Damage to or loss of the peripheral axons of primary sensory neurons is associated with two clinical syndromes: peripheral neuropathic pain and peripheral neuropathy. Treatment for neuropathic pain is typically ineffective or associated with side effects, and there is no treatment for peripheral neuropathy. To remedy this, it is essential that the mechanisms responsible for both are understood and targets identified that could be amenable to development of novel therapeutics. My goal is to dissect out at an individual neuron level the transcriptional and functional changes that occur over time in response to physical axonal injury, ion channel mutations and exposure to neurotoxic cancer chemotherapeutic agents, and explore the extent to which hyperexcitability and axon degeneration are linked. This will involve combinations of several different approaches: correlating single cell profiles and disease related functional changes, identifying disease susceptibility in patient stem derived neurons, high content phenotypic screens, population imaging in intact animals, genetic editing, and interrogation at high temporal and spatial resolution of behavioral surrogates of pain and sensory loss. The project will focus on neuropathic pain due to physical disruption of peripheral sensory axons, small fiber neuropathies due to voltage-gated sodium channel mutations and chemotherapy- induced peripheral neuropathy, and will examine if these syndromes are distinct or part of a spectrum of sensory neuron pathologies with overlapping risk factors and mechanisms.

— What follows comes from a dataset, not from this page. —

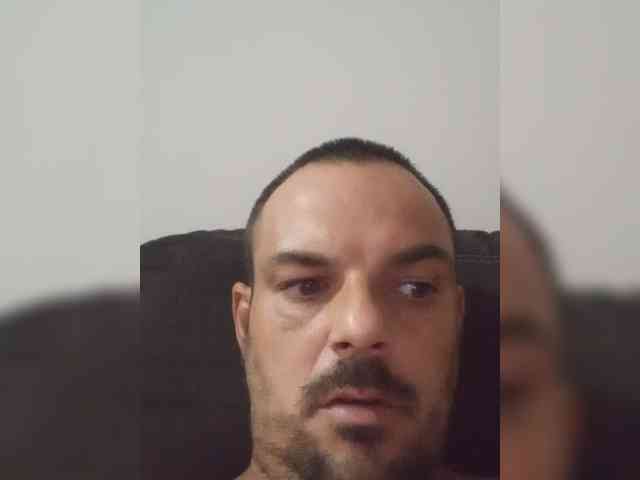 morenoymorenaa webcam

初级感觉神经元外周轴突的损伤或丧失与两种临床综合征相关：外周神经性疼痛和外周神经性病变。神经性疼痛的治疗通常无效或伴有副作用，周围神经病变没有治疗方法。为了解决这个问题，至关重要的是要了解两者的作用机制，并确定可用于开发新疗法的靶点。我的目标是在单个神经元水平上解剖随着时间的推移而发生的转录和功能变化，以响应物理轴突损伤，离子通道突变和暴露于神经毒性癌症化疗药物，并探索过度兴奋性和轴突变性之间的联系程度。这将涉及几种不同方法的组合：将单细胞谱和疾病相关的功能变化相关联，识别患者干细胞来源的神经元中的疾病易感性，高含量表型筛选，完整动物的群体成像，基因编辑，以及在高时空分辨率下对疼痛和感觉丧失的行为替代品进行询问。该项目将重点关注外周感觉轴突物理破坏引起的神经性疼痛、电压门控钠通道突变引起的小纤维神经病变和化疗引起的外周神经病变，并将研究这些综合征是不同的，还是具有重叠危险因素和机制的感觉神经元病变的一部分。